Suppose that based on data consisting of independent repetitions of an experiment a researcher wants to predict the outcome of the next independent outcome of the experiment. The researcher models the data as being realizations of independent, identically distributed random variables { Xi, i=1,2,..n} having density f() and the next outcome as the value of an independent random variable Y , also having density f() . We assume that the density f() lies in one of three location-scale families: standard normal (symmetric); Cauchy (symmetric, heavy-tailed); extreme value (asymmetric.). The researcher does not know the values of the location and scale parameters. For f() = f0() lying in one of these families, an exact prediction interval for Y can be constructed using equivariant estimators of the location and scale parameters to form a pivotal quantity based on { Xi, i=1,2,..n} and Y. This report investigates via a simulation study the performance of these prediction intervals in terms of coverage rate and length when the assumption that f() = f0() is correct and when it is not.
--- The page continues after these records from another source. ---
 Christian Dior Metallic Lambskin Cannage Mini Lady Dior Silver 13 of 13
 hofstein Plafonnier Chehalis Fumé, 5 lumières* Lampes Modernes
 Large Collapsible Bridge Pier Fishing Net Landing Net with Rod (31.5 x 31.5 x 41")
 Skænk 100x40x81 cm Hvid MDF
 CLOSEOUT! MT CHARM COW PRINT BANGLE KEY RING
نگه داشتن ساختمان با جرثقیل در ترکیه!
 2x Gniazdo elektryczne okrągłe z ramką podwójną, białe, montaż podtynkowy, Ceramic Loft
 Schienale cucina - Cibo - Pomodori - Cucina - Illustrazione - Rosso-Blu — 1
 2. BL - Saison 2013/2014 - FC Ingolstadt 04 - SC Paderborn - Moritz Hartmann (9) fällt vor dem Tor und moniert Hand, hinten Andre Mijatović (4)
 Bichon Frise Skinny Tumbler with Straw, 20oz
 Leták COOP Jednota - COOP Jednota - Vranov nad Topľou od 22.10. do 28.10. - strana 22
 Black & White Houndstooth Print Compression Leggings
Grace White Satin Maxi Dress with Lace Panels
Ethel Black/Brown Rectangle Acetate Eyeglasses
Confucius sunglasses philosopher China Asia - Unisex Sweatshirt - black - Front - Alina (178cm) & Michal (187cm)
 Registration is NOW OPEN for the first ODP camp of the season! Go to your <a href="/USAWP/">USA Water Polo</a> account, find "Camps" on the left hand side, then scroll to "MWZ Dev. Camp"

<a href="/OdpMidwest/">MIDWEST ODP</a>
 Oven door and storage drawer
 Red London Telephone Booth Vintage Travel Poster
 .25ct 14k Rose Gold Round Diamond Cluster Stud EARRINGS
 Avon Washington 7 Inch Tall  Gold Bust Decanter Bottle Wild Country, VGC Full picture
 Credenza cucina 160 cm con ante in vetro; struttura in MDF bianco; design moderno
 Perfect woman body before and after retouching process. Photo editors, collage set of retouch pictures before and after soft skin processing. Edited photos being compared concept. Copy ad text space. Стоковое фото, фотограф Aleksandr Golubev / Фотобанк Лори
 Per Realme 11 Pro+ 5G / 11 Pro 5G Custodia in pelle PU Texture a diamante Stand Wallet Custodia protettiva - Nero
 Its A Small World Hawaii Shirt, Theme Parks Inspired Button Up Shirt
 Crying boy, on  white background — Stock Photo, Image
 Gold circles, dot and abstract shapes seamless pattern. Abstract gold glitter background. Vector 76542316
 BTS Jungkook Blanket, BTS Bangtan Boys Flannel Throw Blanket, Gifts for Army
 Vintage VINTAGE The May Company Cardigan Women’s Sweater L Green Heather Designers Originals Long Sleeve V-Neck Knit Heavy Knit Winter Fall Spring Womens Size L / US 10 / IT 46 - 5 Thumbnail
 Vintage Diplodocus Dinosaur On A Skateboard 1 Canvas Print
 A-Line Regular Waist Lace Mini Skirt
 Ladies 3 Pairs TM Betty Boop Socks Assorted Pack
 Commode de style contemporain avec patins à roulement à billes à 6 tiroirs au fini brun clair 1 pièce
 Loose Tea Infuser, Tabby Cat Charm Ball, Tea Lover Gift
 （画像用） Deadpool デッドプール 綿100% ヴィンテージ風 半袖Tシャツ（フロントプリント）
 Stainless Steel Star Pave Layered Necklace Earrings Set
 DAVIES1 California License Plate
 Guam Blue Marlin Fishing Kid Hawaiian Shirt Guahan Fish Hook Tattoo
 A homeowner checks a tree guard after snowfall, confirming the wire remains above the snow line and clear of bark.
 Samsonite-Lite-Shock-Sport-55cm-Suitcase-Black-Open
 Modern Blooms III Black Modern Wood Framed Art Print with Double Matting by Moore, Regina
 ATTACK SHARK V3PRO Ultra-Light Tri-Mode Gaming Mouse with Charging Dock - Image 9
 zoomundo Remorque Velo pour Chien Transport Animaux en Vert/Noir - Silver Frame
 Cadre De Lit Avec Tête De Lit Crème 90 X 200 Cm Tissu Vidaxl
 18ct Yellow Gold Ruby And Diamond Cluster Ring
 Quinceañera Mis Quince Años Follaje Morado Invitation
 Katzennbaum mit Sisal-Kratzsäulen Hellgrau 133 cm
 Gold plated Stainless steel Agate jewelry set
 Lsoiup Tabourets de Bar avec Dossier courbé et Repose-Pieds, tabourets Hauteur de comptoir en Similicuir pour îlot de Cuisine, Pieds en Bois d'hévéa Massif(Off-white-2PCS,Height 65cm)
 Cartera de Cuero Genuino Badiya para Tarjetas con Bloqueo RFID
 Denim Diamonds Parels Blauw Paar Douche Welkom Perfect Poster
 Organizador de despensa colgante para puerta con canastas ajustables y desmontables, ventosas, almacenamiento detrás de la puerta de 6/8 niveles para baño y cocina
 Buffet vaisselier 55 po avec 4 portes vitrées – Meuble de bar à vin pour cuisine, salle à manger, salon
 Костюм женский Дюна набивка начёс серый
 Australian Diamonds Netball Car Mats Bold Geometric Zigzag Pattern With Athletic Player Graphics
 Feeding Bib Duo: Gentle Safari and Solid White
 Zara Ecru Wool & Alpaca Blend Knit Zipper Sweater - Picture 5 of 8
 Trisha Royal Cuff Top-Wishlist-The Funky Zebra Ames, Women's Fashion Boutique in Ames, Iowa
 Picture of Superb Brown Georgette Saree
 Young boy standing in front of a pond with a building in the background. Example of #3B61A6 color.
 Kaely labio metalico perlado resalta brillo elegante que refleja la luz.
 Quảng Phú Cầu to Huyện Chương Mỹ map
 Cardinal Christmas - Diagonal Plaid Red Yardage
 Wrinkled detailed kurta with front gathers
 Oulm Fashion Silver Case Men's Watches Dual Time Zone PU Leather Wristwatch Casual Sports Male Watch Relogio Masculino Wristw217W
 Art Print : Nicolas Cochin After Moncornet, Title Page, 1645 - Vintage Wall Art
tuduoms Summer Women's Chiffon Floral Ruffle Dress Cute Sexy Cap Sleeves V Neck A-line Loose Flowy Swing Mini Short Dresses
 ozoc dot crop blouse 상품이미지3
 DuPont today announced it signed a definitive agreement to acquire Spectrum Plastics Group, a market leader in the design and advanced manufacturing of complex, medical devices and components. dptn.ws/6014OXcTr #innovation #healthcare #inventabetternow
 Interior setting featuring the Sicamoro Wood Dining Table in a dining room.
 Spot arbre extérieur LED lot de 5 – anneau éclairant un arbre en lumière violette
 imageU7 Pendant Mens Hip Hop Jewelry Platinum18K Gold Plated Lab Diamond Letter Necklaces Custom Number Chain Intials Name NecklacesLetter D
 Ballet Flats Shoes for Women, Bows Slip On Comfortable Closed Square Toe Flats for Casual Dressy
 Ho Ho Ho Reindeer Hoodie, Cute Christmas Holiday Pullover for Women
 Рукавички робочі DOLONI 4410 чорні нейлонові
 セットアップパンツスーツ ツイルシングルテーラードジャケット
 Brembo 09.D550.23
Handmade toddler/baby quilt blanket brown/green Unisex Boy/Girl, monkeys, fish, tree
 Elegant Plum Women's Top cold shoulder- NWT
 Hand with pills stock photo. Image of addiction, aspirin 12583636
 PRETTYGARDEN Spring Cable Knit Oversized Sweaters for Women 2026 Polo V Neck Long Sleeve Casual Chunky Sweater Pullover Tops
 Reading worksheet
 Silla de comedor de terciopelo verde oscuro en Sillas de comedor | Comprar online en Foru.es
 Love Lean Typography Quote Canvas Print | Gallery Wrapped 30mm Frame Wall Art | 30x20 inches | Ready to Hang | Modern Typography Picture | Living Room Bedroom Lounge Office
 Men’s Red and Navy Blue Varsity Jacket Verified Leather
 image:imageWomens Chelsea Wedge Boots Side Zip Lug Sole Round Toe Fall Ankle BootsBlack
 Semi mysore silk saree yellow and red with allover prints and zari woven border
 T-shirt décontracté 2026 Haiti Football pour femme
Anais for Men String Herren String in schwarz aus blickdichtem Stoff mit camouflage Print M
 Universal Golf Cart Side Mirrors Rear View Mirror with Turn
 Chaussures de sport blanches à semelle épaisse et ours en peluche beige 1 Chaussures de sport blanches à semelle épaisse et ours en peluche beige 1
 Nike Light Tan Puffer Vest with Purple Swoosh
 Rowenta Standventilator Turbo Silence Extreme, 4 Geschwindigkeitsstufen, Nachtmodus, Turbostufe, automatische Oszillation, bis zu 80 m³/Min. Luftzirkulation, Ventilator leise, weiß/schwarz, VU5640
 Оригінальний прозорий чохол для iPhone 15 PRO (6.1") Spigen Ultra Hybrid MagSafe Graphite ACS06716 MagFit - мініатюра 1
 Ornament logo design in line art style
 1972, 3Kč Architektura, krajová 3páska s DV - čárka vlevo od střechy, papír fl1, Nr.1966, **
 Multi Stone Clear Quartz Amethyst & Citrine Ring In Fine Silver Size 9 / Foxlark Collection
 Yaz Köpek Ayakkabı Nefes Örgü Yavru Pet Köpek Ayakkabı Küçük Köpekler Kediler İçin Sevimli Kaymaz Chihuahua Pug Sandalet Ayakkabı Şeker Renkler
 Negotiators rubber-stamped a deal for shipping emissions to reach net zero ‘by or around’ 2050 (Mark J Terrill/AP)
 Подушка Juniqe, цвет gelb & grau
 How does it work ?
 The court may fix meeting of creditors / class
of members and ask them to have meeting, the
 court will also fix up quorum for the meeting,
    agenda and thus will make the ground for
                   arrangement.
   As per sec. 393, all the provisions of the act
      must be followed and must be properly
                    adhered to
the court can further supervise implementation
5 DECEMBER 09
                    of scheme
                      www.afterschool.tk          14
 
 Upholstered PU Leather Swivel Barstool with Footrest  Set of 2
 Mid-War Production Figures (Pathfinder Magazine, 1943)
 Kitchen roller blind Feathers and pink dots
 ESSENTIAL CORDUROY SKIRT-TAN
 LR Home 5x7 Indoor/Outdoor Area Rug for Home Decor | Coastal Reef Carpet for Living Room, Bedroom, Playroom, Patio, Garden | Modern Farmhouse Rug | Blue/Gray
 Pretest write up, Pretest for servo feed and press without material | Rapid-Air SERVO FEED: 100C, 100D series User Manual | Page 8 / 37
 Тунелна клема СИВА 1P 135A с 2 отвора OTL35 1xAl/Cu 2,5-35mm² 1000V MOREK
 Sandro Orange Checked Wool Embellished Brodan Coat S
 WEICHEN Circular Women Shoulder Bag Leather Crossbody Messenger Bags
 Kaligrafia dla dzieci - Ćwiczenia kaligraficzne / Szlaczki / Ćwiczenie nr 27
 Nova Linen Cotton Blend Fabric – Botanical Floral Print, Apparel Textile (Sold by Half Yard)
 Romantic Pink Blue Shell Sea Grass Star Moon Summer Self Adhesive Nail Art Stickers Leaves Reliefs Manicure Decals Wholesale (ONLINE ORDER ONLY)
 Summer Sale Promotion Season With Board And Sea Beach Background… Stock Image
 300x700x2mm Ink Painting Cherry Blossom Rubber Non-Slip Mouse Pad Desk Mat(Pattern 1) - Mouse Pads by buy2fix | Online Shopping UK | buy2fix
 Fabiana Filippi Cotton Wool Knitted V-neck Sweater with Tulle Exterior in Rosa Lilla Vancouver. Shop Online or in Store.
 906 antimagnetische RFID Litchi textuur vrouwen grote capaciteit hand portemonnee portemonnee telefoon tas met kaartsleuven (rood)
The simulation results indicate that prediction intervals based on the assumption of normality perform quite well with normal and extreme value data and reasonably well with Cauchy data when the sample sizes are large. The heavy tailed Cauchy assumption only leads to prediction intervals that perform well with Cauchy data and is not robust when the data are normal and extreme value. Similarly, the asymmetric extreme value model leads to prediction intervals that only perform well with extreme value data. Overall, this study indicates robustness with respect to a mismatch between the assumed and actual distributions in some cases and a lack of robustness in others.